• GIVEN RECORDS
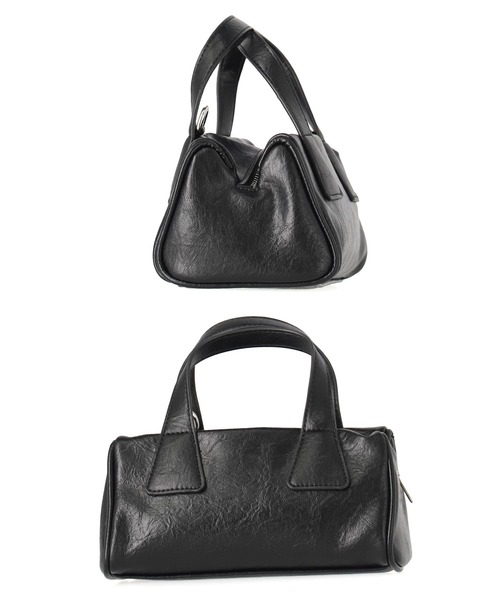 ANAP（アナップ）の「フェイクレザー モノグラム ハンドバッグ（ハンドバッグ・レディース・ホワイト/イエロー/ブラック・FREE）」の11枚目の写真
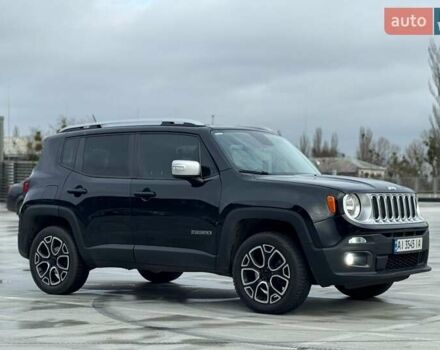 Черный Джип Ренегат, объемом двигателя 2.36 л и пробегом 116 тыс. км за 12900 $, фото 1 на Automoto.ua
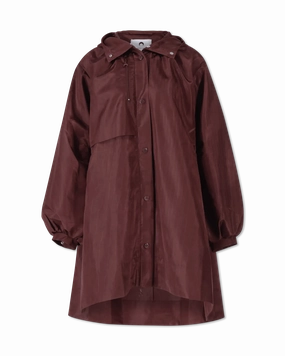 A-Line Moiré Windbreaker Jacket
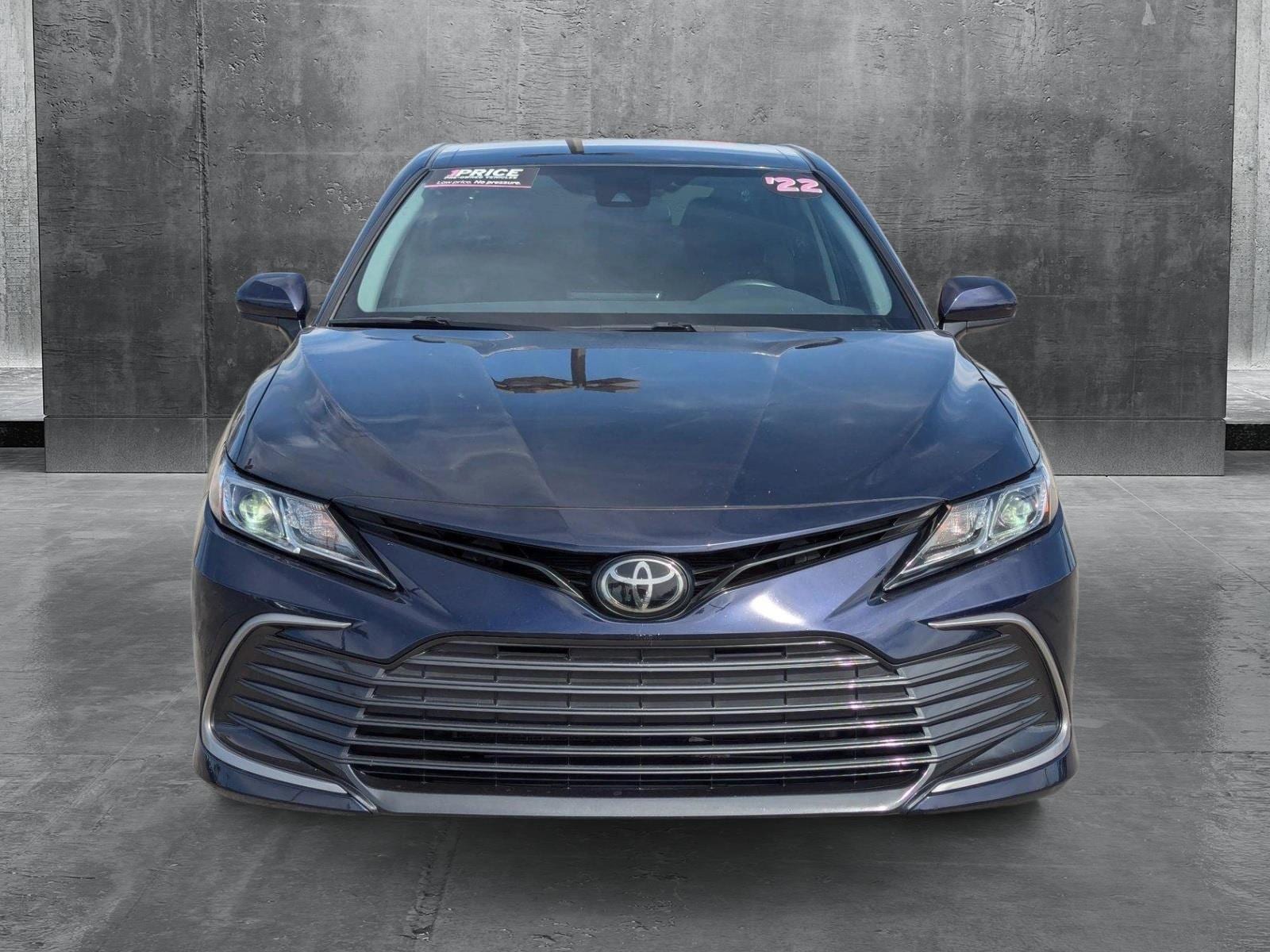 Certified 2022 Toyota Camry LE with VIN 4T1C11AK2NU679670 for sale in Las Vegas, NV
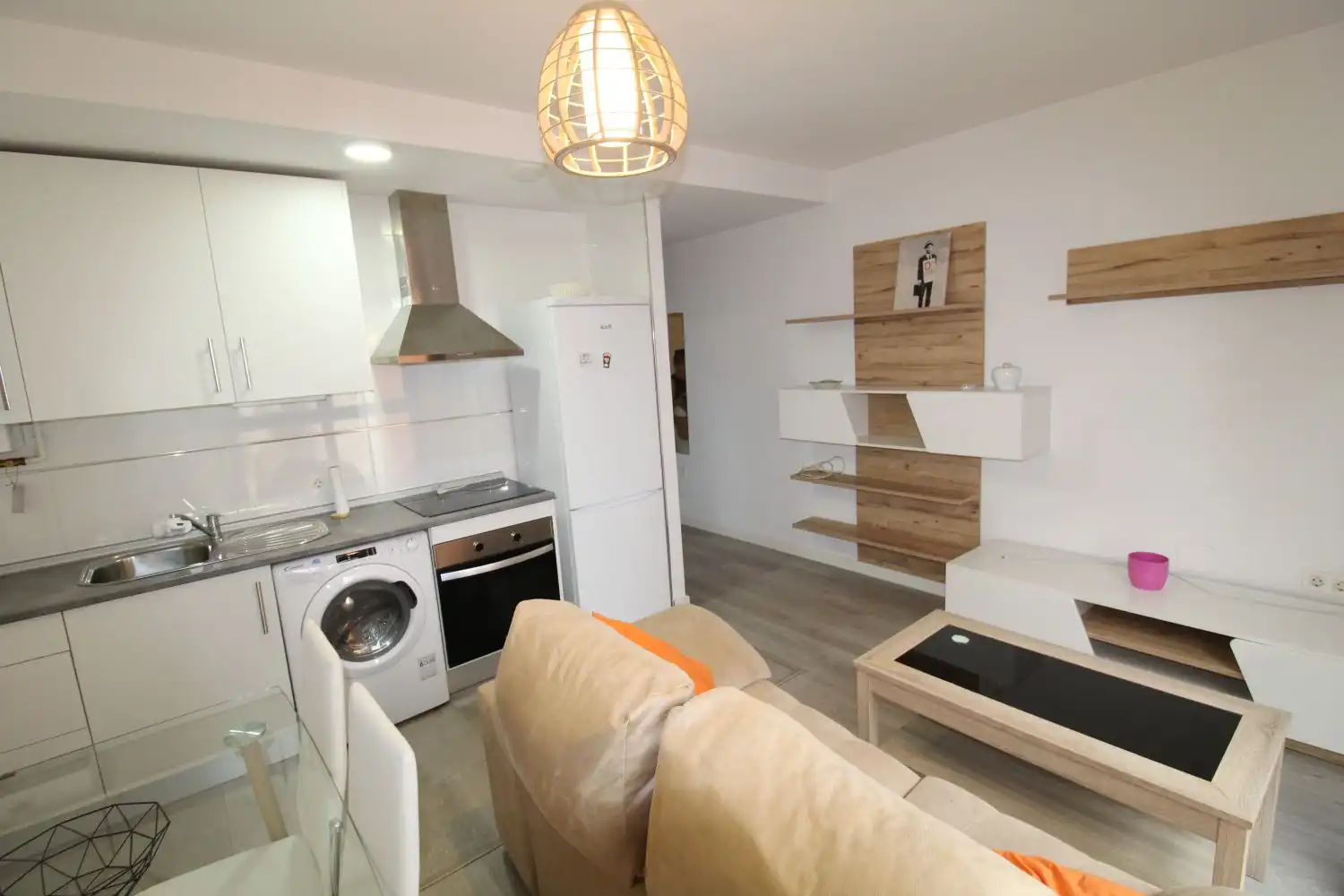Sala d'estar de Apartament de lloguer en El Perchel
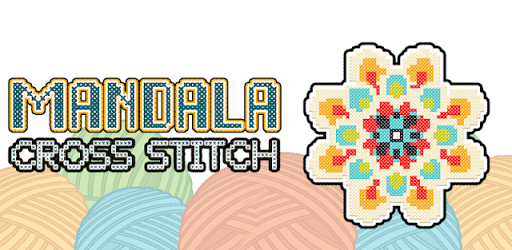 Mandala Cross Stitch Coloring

• TASK TO COMPLETE
Retype every entry exactly as written. Leave the pictures out.

• RESPONSE AREA
 ANAP（アナップ）の「フェイクレザー モノグラム ハンドバッグ（ハンドバッグ・レディース・ホワイト/イエロー/ブラック・FREE）」の11枚目の写真
 Черный Джип Ренегат, объемом двигателя 2.36 л и пробегом 116 тыс. км за 12900 $, фото 1 на Automoto.ua
 A-Line Moiré Windbreaker Jacket
 Certified 2022 Toyota Camry LE with VIN 4T1C11AK2NU679670 for sale in Las Vegas, NV
Sala d'estar de Apartament de lloguer en El Perchel
 Mandala Cross Stitch Coloring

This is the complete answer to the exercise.